Paul Chen 'practical' katanas and the like are to my experience relatively good value and of adequate quality for most purposes and also have a good quality finish and detail and the live blades are suitable for tameshigiri.  There are of course higher level swords but if your budget is not in the $1000's then there's no need.

Sorry but my advice can only be on katana as that is what I use and again I recommend checking out the Paul Chen practical series online - there are other Chen swords such as the Kotetsu or Champagne series which are quite beautiful and pracitcal - but if you are entry level be careful as these will definitely take off a finger or limb and serious study should be done first.


----------



## Flying Crane (Dec 12, 2007)

Hey JT, 

I can't really recommend any of these, but it depends on what you want it for.

If you want to use if for practicing forms, any of them will probably work.  Both for Tai Chi, as well as external forms.

But understand that none of these are real weapons.  Some of them actually have a guard and pommel made out of wood, with a thin sheet of brass over the top to make it look like metal.  There is no weight to balance the blade, and no real strength.  It's a stage prop that will probably work for forms, but just understand that.  It's not real.

Most of these have very light blades.  This is due to the Modern Wushu phenomenon, where people need to be lightning-fast for performance and competition sake.  I personally hate these things.  They are made of some superlight metal, and again, are just stage props.  Really, they are toys and I often wonder why adults want to play with toy swords.  I quit doing that when I was about 12.

I personally like to use a real weapon.  It needs to be a real blade, made of good quality steel, and beefy enough to actually be useable.

The hilt needs to have a solid guard and pommel, both for strength and to balance the blade.  In the Chinese Martial Arts world here in the US, it's hard to find this kind of thing.  That's why I've been building my own.

I get blades made by Angus Trim.  He makes Western European style swords and I rebuild the hilt to be more appropriate for Chinese martial arts.  Angus uses 5160 spring steel, the same stuff used to make leaf springs for trucks.  It's a good, tough, durable steel that can take some punishment and hold an edge.  

His stuff isn't cheap, costing up to several hundred dollars depending on the model.  And again, it's a European hilt which doesn't work so well for Chinese martial arts.  I've tried, and a cross guard just kind of gets in the way.

If you want, i'd be happy to discuss the possibility of making something for you, but it's a project that will take a bit of time.  Go into the User Galleries, I think on Page 2 I have a gallery with pictures of some of my work.  It won't be cheap, but it will be a real weapon that you could actually walk onto a battlefield with, and it will be about 10,000% better than any of these in the link you posted.  But if all you want is something inexpensive to practice forms with, any of those will do.  Just understand that they are not real weapons.

I can give you links to look at Angus Trim's work, but I'll have to do that this evening as I don't have them on my computer here at work.  But if you do a google search for angus trim swords, you will probably find him.


----------



## Xue Sheng (Dec 12, 2007)

As it has already been said, it depends on what you want it for.

If just practicing a form you can always go with the wooden version it is cheaper

If you want something for training form that is a little more realistic you want Combat Steel which on that page is $85.99
If you are looking to go out and go to war with one you want none that you have listed. 

There are a few very good people out there making high quality Chinese swords but only a few and they are considerably more expensive.
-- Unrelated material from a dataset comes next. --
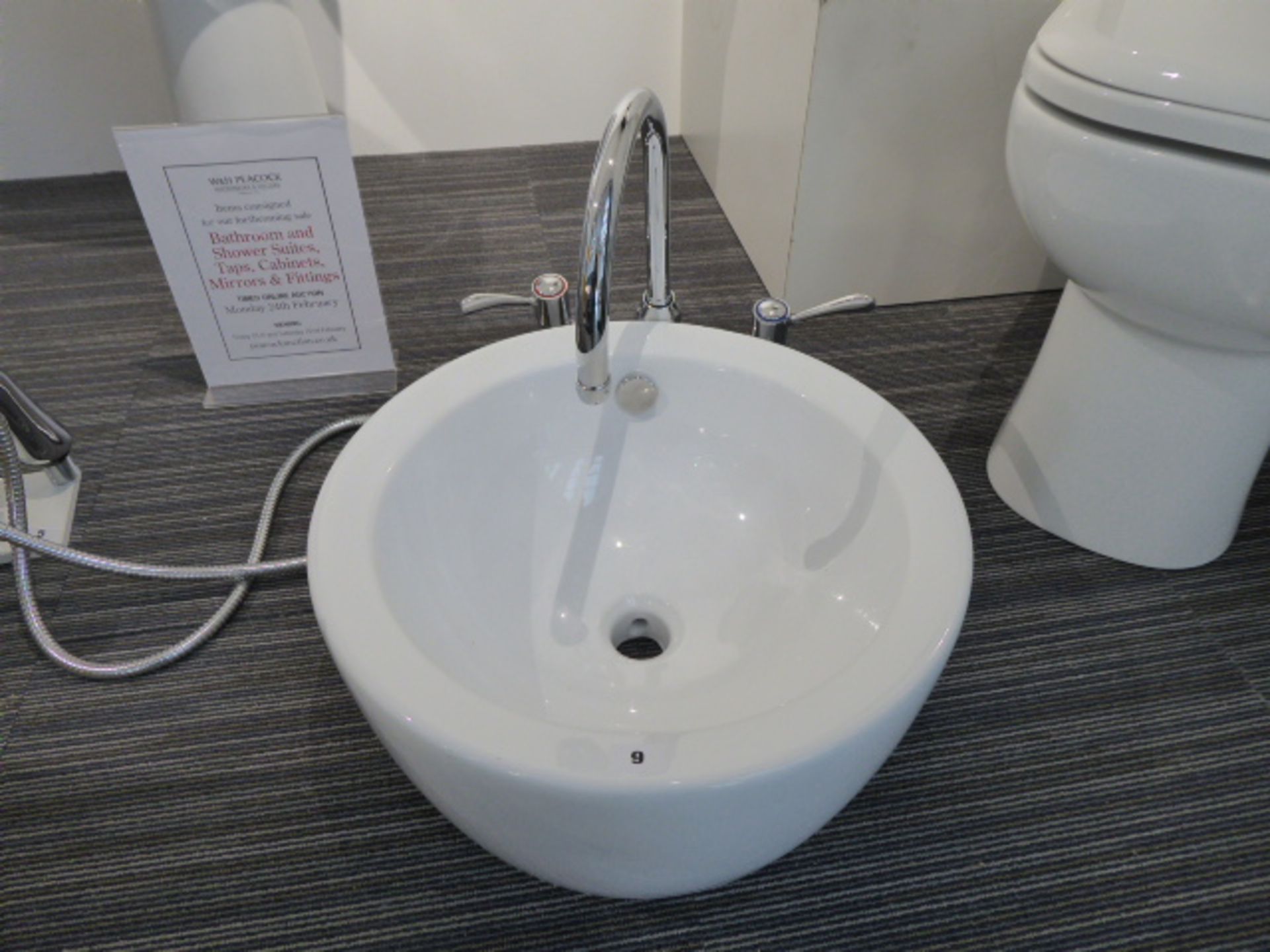 Circular white ceramic hand basin with mixer tap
There is one guy down south somewhere that makes them out of Damascus steel and there is also a guy from China that I believe makes them as well somewhere around WashingtonDC. 

If you like I will get there names and post them. 

And just as a note to all that posted and all that will. 

The Jain, which is what the link is to, is for more than just Taiji. Even though they are called taiji swords there are a lot of CMA styles that use it. It is considered a higher level weapon than the Dao. Basically it took a lot more skill to use and not break it in a fight.


----------



## Xue Sheng (Dec 12, 2007)

Sorry I had to do a separate post on this; due to network issues on my end, not MT, I cannot edit anything I can only post. 

One thing to take into account when buying a Chinese Sword for training that I have not seen as much of a need for consideration in training a Japanese sword. DO you want a sharp sword? Japanese Swords tend to be very sharp but from what I can tell early training does not include swinging the sword around your head and in very close proximity to your body like some Chinese styles do. I have a real Dao but it is not sharp and in my training over the years I have cut copper pipes with it by accident, taken a chuck out of a concrete floor more than once, cut a linoleum floor or two and given myself multiple bruises that would have been considerably more serious if it had been sharp.


----------



## Tames D (Dec 12, 2007)

I would have to agree with the comments given.


----------



## Blindside (Dec 12, 2007)

Flying Crane said:


> Hey JT,
> I can give you links to look at Angus Trim's work, but I'll have to do that this evening as I don't have them on my computer here at work. But if you do a google search for angus trim swords, you will probably find him.


 
http://www.angustrimdirect.com/

His line up has changed significantly in the last year or so, and he has developed a non-historical jian.


----------



## Sukerkin (Dec 12, 2007)

Some very good and detailed advice above, *Xue* especially speaking with that valuable voice of experience in the related arts :rei:.


----------



## Flying Crane (Dec 12, 2007)

Blindside said:


> http://www.angustrimdirect.com/
> 
> His line up has changed significantly in the last year or so, and he has developed a non-historical jian.


 
ah, it says the images of the Jian are coming in the future.  I didn't know he was developing these, it will be interesting to see what he comes up with.

I will say one thing, it makes a big difference if the maker of a sword actually practices the art of that sword.  I've seen swords made by people who have no training with the weapon, and they have been pretty dismal.  That is, both "pretty", and "dismal."  Some very attractive, and completely unuseable pieces.  Having training in the art gives you perspective on what qualities make for a useable weapon.  Angus makes some great european swords, and I assume he knows how to use them.  If he doesn't have training in the Chinese arts (which he may have, I honestly don't know) he may not design it as well as it could be.  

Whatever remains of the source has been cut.